If your dog shows aggression or extreme fear, it is not a good candidate and needs to be washed out. If it just does not want to work, it needs to be washed out. If it exhibits too mich stress, wash it out. It needs to be "bombproof", not bark or startle easily at noises or distractions, it will be kicked, hit, yelled at, fussed over, hugged, and pet wether or not you want it to. It needs to be housebroken (a SDiT just peed in our local Wal-Mart last week and caused a fuss for other service dog users). Also check with your state about access rights for Service Dogs in Training (SDiT) and become familiar with state and federal service dog laws. And can YOU handle the stress of dealing with people in a calm way when they try and deny you access or bother your dog, or are rude to you and your dog? Will you stand up for yourself when people try and bully you? (This part was hard!)

As a puppy you need to socialize more than you would for a pet dog, but still at a pace to prevent pup from becoming fearful. Learn when fear periods are and avoid outings during those for best success. Set boundaries immediately. This is not a pet and spoiling it and becoming lax on training and boundaries now can be detrimental in the future. I also start teaching object names and "pick it up/take it"when they are about three months old as well. Ten weeks I teach and encourage good walking habits and by six months really enforce them if we are still having issues. Four to five months I start training alerts.

Now the good news:
Spoos in general seem to have a relatively low wash out rate among owner trained service dogs. I'm actually planning on going back to one. They want to work and do their job well and they seem to tend to pick up on alerting very well. My Reiki gave his first alert when we were still driving back from the breeder at 8 weeks old. I was speaking with a trainer from one of the SD schools and he admitted he LONGED for a spoo or two in his kennel just because they are so easy to work with. I also really liked working with a spoo in public because they don't shed. I get embarrassed when I go out with a shedding dog, especially in a restaurant because I feel like the dog is just leaking hair (which is silly but I have never been more conscious of dog hair since a poodle!)
The AKC CGC test is a good way to test your obedience skills and I use it as a marker of when tk start public access training.

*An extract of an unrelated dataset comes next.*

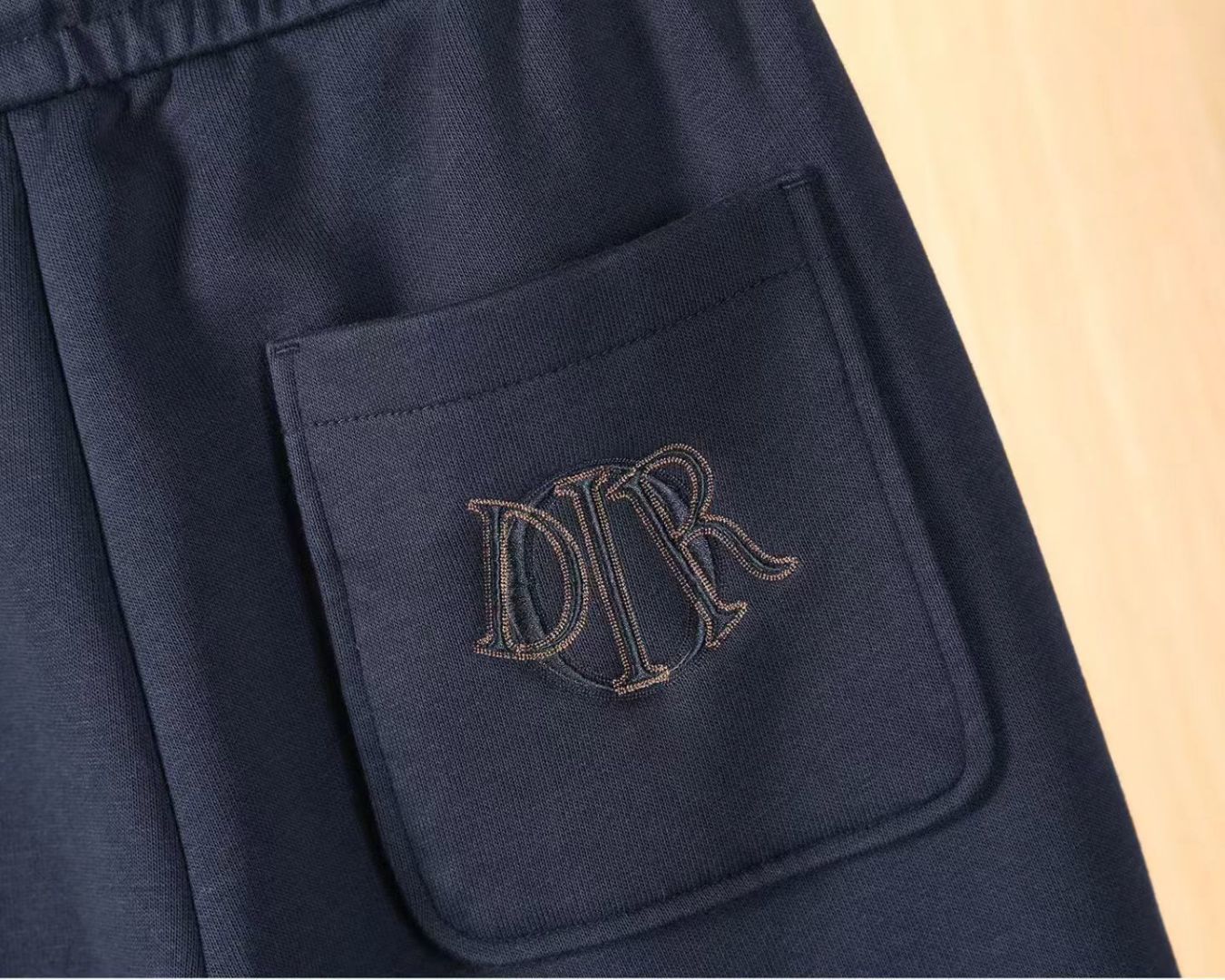 迪奥 2025ss秋季专柜新品同步上市。原单订制高品质时尚休闲裤。超级百搭款。独家定制-进口高端绵面料，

Having a service dog is, in my opinion, both a blessing and a curse. Raising and training your own can be heartbreaking, frustrating, but ultimately rewarding. The wash out rate for owner trainers is high, usually only one in four or so make it through the two years of training. In a big litter of...maybe eight, only two or three might be pulled as potential candidates. Washing out a dog is by far the hardest thing I have ever gone through in my life. Dealing with the people will try every bit of patience and strength you have (not not killing them when they let their kid hit your dog takes even more!  ) It is an amazing partnership for you and your dog but it is a hard road to get there. Is it worth it? I think so, but I would give it up if there was a better way to treat them or if they would just go away all together. I apologize for focusing so heavily on the negatives, but they tend to get glossed over and many people don't realize a lot of them since the dogs do so many amazing things for us. Usually it's better to see both sides of something before getting into the thick of it.

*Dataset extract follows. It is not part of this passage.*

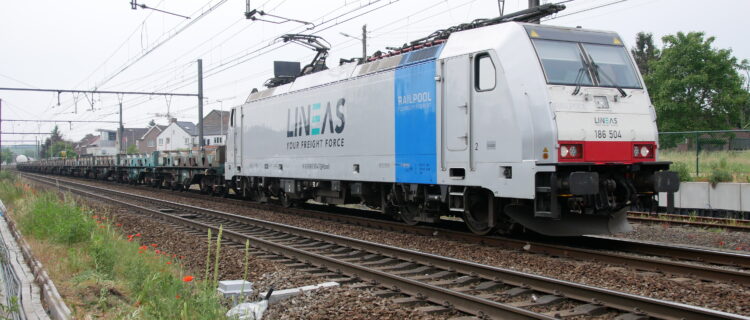 Belgique : Lineas détenu à 100 % par l’État belge via la SFPIPIM 2 Un train de produits sidérurgiques, remorqué par la Traxx 186 504 de Lineas, est aperçu près de Bilzen (20 mai 2022). Crédit photo : Luc LEVERT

Feel free to PM me if you want any help with specific task training or have any questions. 

Best of luck and hopefully this helped!

Sent from Petguide.com Free App


----------



## SableTMC (Oct 12, 2013)

After reading that I'm optimistic. The last litter from this dam/sire was mostly 3&4 with 2 pups going into service work. And I figure when we go out if people get to bullying about the dog then I'm going to have to take a deep breath and remember to be a good example for our daughter. You mention that Reiki first alerted at 8 wks?! That's impressive. I thought it had to take about 6mos for a dog to even focus enough to pick up an aura. Well congrats on having such a good dog and if our puppy washes out then I'llhit you up for info on your dog'sbreeder


----------



## Mom-n-Reiki (Jan 6, 2013)

That's a pretty good reason to be optimistic! 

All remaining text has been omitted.